On Thu, Jul 21, 2011 at 5:31 PM, Jonathan Ellis <jbel...@gmail.com> wrote:

> Did you check for a JVM crash log?
>
> You should make sure you're running the latest Sun JVM, older versions
> and OpenJDK in particular are prone to segfaulting.
>
> On Thu, Jul 21, 2011 at 6:53 PM, Sameer Farooqui
> <cassandral...@gmail.com> wrote:
> > We are starting Cassandra with "brisk cassandra", so as a stand-alone
> > process, not a service.
> >
> > The syslog on the node doesn't show anything regarding the Cassandra Java
> > process around the time the last entries were made in the Cassandra
> > system.log (2011-07-21 13:01:51):
> >
> > Jul 21 12:35:01 ip-10-2-206-127 CRON[12826]: (root) CMD (command -v
> > debian-sa1 > /dev/null && debian-sa1 1 1)
> > Jul 21 12:45:01 ip-10-2-206-127 CRON[13420]: (root) CMD (command -v
> > debian-sa1 > /dev/null && debian-sa1 1 1)
> > Jul 21 12:55:01 ip-10-2-206-127 CRON[14021]: (root) CMD (command -v
> > debian-sa1 > /dev/null && debian-sa1 1 1)
> > Jul 21 14:26:07 ip-10-2-206-127 kernel: imklog 4.2.0, log source =
> > /proc/kmsg started.
> > Jul 21 14:26:07 ip-10-2-206-127 rsyslogd: [origin software="rsyslogd"

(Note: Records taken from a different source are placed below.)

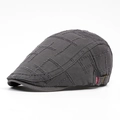 Distressed dark grey beret cap with stitched grid pattern and metal buckle - Adjustable / Gray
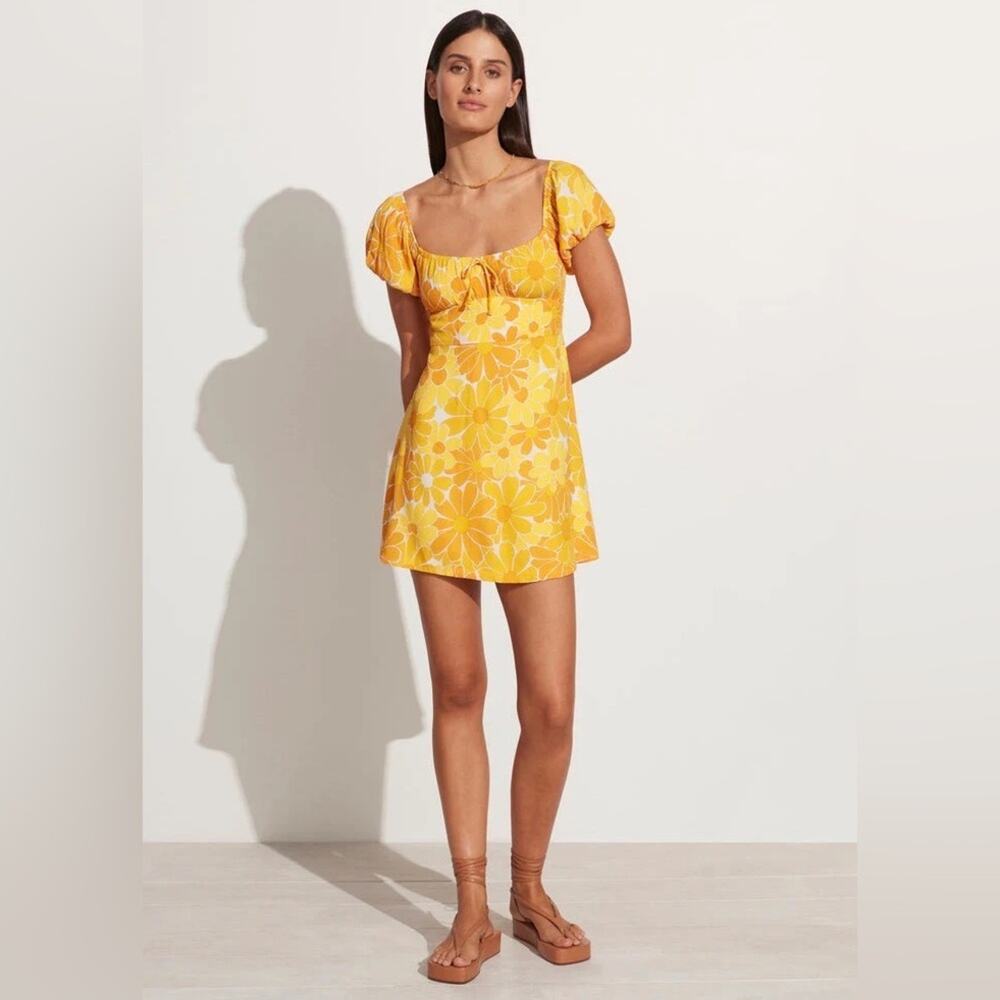 Faithfull The Brand Women’s Medium Yellow Floral Mini Dress Puff Sleeve Summer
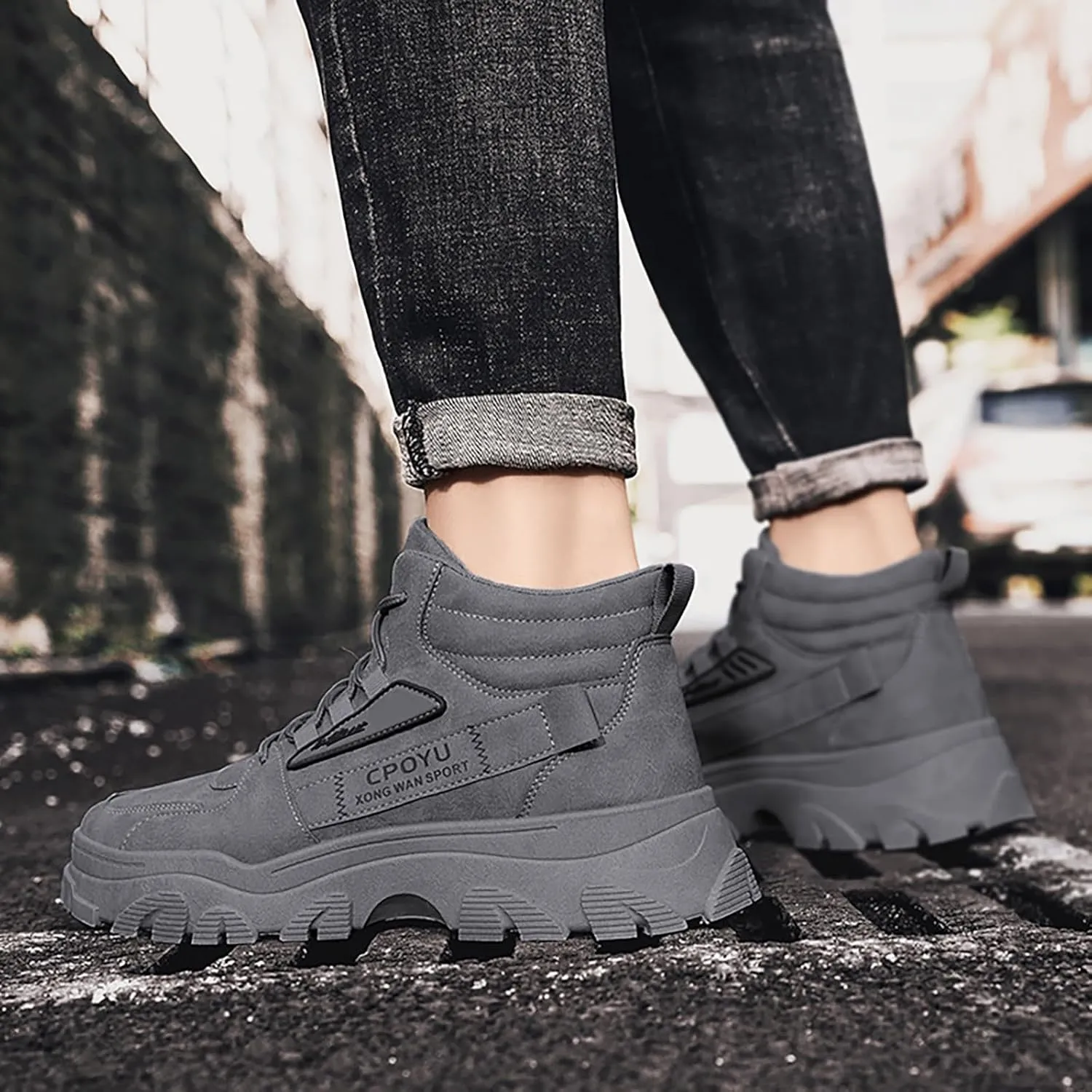 Non Slip Work Sport Shoes for Men Outdoor Athletic Slip-On Hiking Shoe Comfortable & Light-Weight Stretch Shoes
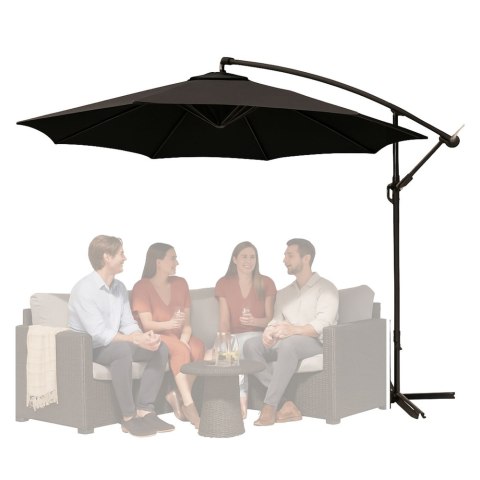 PARASOL OGRODOWY BOCZNY Z REGULACJĄ POCHYŁU POKROWIEC 350 X 250CM ANTRACYT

> > swVersion="4.2.0" x-pid="663" x-info="http://www.rsyslog.com";] (re)start
> >
> >
> > The last thing in the Cassandra log before INFO Logging initialized is:
> >
> >  INFO [ScheduledTasks:1] 2011-07-21 13:01:51,187 GCInspector.java (line
> 128)
> > GC for ParNew: 202 ms, 153219160 reclaimed leaving 2040879600 used; max
> is
> > 4030726144
> >
> >
> > I can start Repair again, but am worried that it will crash Cassandra
> again,
> > so I want to turn on any debugging or helpful logs to diagnose the crash
> if
> > it happens again.
> >
> >
> > - Sameer
> >
> >
> > On Thu, Jul 21, 2011 at 4:30 PM, aaron morton <aa...@thelastpickle.com>
> > wrote:
> >>
> >> The default init.d script will direct std out/err to that file, how are
> >> you starting brisk / cassandra ?
> >> Check the syslog and other logs in /var/log to see if the OS killed
> >> cassandra.
> >> Also, what was the last thing in the casandra log before INFO [main]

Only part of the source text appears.